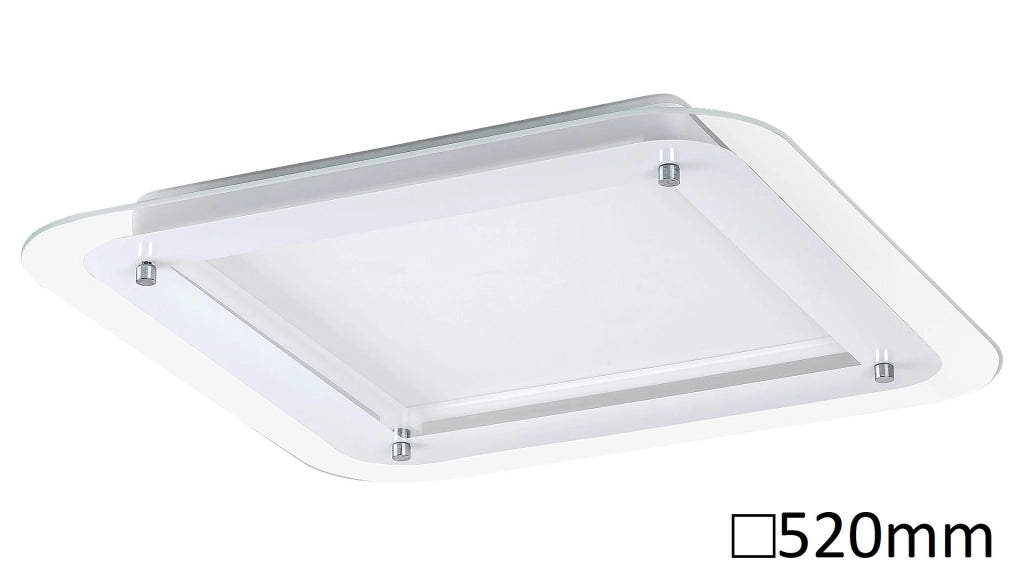 Plafoniera incasso LED quadrata 52cm 22W bianca Rabalux
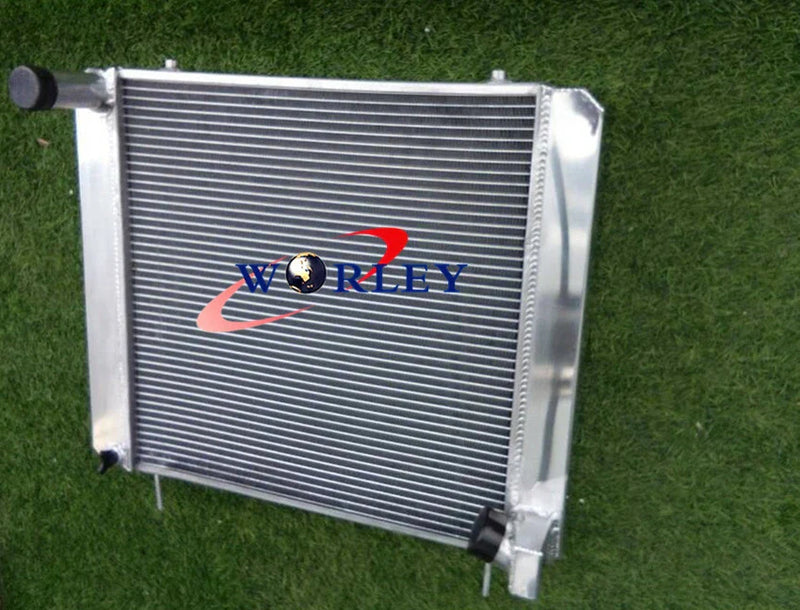 Jaguar XKE Series 1 3 Core Aluminum Radiator + Fan (1961-1968)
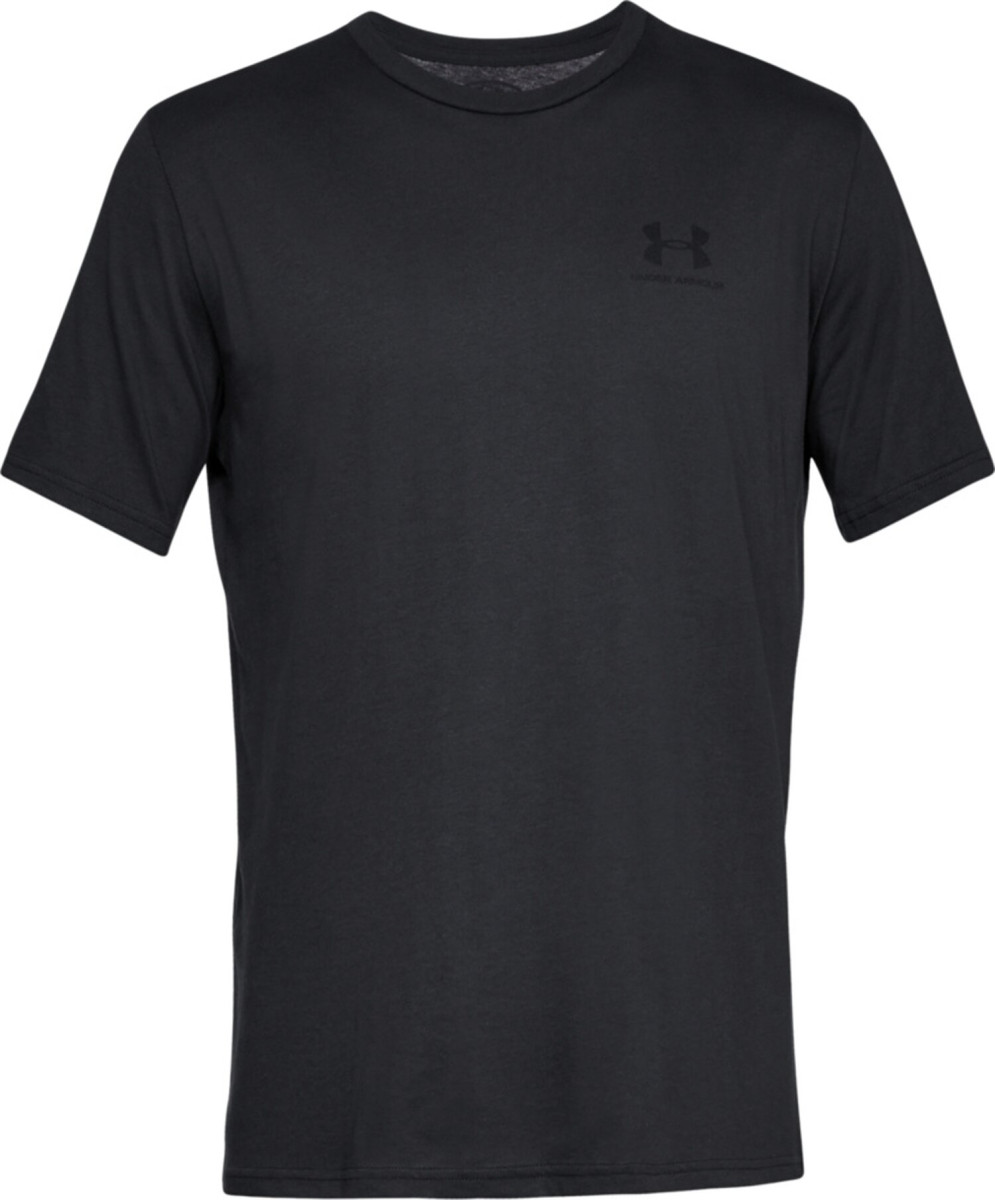 T-Shirt mit Logo schwarz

[WHAT YOU WILL DO]: Pictures are not part of the copy; transcribe the rest of the data verbatim.

[ANSWER TO THE EXERCISE]:
 Plafoniera incasso LED quadrata 52cm 22W bianca Rabalux
 Jaguar XKE Series 1 3 Core Aluminum Radiator + Fan (1961-1968)
 T-Shirt mit Logo schwarz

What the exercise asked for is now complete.